President Coolidge addresses those in the communications field assembled for the Third Radio Conference at the White House, October 8, 1924. On that occasion, he declared, "The Administration, through Secretary Hoover, has from the beginning insisted that no monopoly should be allowed to arise, and that, to prevent it, the control of the channels through the ether should remain as much in the hands of the Government, and therefore of the people, as the control of navigation upon the waters; that while we retain the fundamental rights in the hands of the people to the control of these channels we should maintain the widest degree of freedom in their use." This, above all other principles, was why Coolidge signed the 1927 Act, as it limited monopolization without delving into a regulation of content and censorship.

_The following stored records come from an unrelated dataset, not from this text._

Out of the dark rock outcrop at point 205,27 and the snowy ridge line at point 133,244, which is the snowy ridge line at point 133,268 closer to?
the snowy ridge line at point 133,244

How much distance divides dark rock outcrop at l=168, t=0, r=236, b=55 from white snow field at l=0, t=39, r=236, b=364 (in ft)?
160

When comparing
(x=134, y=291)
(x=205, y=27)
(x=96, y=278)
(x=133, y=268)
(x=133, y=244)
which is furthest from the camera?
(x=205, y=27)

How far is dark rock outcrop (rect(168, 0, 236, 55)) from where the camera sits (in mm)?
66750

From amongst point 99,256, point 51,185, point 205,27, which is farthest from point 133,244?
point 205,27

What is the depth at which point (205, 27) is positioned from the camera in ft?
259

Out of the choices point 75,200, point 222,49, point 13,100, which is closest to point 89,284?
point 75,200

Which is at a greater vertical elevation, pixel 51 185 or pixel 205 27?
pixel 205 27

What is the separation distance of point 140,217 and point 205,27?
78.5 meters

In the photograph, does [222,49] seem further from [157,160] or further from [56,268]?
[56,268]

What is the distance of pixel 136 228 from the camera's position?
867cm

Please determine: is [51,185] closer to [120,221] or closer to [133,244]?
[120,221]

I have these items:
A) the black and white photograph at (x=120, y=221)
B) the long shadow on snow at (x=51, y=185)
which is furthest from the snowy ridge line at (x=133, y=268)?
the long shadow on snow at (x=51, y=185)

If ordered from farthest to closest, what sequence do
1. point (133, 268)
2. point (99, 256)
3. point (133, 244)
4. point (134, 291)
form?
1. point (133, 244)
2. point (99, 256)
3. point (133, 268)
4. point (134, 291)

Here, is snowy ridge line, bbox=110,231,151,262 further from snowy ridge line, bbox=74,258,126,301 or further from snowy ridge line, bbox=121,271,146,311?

In fact, it specifically prohibited self-appointed censors from holding any legal authority under the Act (sections 18-19).

President Coolidge addresses those in the communications field assembled for the Third Radio Conference at the White House, October 8, 1924. On that occasion, he declared, “The Administration, through Secretary Hoover, has from the beginning insisted that no monopoly should be allowed to arise, and that, to prevent it, the control of the channels through the ether should remain as much in the hands of the Government, and therefore of the people, as the control of navigation upon the waters; that while we retain the fundamental rights in the hands of the people to the control of these channels we should maintain the widest degree of freedom in their use” (emphasis added) This, above all other principles, was why Coolidge signed the 1927 Act, as it kept radio free to grow in the hands of the people (as they envisioned it), limiting monopolization without delving into a regulation of content and censorship decisions. In fact, it specifically prohibited self-appointed censors from holding any legal authority under the Act (sections 18-19). Thanks to Coolidge, the commercial potential of radio was unleashed resulting not only in the benefits of economic opportunity for millions of people but also the spread of knowledge, civic participation and educational blessings as well. His faith in the judgment and ability of the American people to do best when they retain maximum liberty pervades his contributions to radio.

It was on this day in 1927 that President Coolidge signed the Radio Act which brought both continuity and order from the disarray of early radio communications. From the chaos over frequencies and content to oversight and licensing, the ground rules Coolidge established for the future of radio remain sound even with the passing of the years and the march of technology.

Coolidge dealt in essential principles ensuring that radio remained free to adapt flexibly and grow into a powerful medium for much good without stifling creativity or discouraging the opportunity for everyone to participate.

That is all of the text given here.